For four decades, William W. Warner's Pulitzer Prize-winning best-seller, Beautiful Swimmers, has delighted readers everywhere. Now, in a riveting new film, award-winning writer Tom Horton picks up where Warner left off with the story of Callinectes sapidus, the Atlantic blue crab.
The documentary film Beautiful Swimmers is an initiative of the Bay Journal, a publication of Chesapeake Media Service, a 501(c)(3) nonprofit.
The Bay Journal has been delivering exceptional coverage of environmental issues in the Chesapeake Bay region since 1991. Tom Horton and David Harp are regular contributors.
How have the culture, science and management of the Chesapeake Bay's iconic blue crab changed since William W. Warner's book, Beautiful Swimmers, appeared 40 years ago?
Tom Horton's film update of this pioneering chronicle of Chesapeake crabbing, with the endorsement of Warner's family, investigates the whys and wherefores of the changes in the Bay, the crab fishery and the industry in general, as it weaves a colorful tale that entertains, educates and enlightens.
Horton returns to many places Warner visited, including Smith, Tangier and Deal Islands, Crisfield and the Eastern Bay. He discovers that two watermen featured in Warner's book still catch crabs the way they caught them when Warner visited them in the mid 1970's.
While much of the culture of the watermen has not changed in four decades, there have been many developments in the science and management of crabs and the crab industry. Interviews with Chesapeake scientists and managers illuminate major advances in our understanding of crabs and the challenges facing the Bay.
The blue crab is more deeply embedded in the ecology and culture of the entire Chesapeake system than almost any other creature. It inhabits every niche from the deep channels of the Bay to the marshes, the ocean, and the limits of tide in fresh water miles up the rivers. Any long-term changes in crab populations would have major consequences for the whole ecosystem.
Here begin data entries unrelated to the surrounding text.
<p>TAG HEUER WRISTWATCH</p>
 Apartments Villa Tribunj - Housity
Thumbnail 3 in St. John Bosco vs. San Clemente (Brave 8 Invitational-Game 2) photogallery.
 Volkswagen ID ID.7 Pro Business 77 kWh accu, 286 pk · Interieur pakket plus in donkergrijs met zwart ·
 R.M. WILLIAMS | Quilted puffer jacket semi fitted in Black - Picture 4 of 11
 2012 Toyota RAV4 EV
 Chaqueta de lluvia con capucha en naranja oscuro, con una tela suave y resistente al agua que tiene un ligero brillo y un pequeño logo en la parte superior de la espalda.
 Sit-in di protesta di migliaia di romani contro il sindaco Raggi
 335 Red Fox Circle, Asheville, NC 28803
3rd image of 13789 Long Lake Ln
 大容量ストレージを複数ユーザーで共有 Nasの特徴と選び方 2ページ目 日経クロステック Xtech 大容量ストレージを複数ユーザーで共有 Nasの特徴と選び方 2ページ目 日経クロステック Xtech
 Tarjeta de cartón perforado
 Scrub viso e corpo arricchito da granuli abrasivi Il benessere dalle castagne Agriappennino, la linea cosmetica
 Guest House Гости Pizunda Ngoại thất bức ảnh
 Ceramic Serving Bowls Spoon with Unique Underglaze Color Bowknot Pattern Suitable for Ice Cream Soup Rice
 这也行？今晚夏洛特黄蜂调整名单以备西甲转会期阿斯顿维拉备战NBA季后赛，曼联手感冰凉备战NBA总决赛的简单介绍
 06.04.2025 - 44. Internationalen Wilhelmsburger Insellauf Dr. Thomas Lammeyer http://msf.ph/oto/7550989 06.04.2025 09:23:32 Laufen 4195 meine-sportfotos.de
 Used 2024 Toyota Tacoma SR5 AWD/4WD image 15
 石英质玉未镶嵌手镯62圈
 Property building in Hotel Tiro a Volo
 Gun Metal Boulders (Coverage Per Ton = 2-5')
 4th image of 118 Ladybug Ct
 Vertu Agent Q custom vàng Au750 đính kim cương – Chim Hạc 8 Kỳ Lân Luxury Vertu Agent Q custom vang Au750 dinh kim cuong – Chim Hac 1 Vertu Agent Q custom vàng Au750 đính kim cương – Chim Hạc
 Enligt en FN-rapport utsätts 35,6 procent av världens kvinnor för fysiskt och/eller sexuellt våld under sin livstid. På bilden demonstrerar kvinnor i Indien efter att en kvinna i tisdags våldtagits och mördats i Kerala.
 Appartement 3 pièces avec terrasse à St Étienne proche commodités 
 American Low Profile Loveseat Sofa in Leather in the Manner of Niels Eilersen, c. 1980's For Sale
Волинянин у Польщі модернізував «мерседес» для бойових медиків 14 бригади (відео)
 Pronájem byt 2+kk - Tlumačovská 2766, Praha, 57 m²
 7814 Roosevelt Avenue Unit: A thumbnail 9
"Warner’s book has never been out of circulation. Nothing published since, including James Michener’s blockbuster, Chesapeake, has surpassed it. Today’s Chesapeake is not the same bay in which William Warner conducted his inquiries of crabs and crabbing during the 1960s and ’70s. Yet much remains. In remoter parts of the estuary, it is still possible to revisit Warner’s storied haunts, even to go crabbing with characters he introduced in Beautiful Swimmers."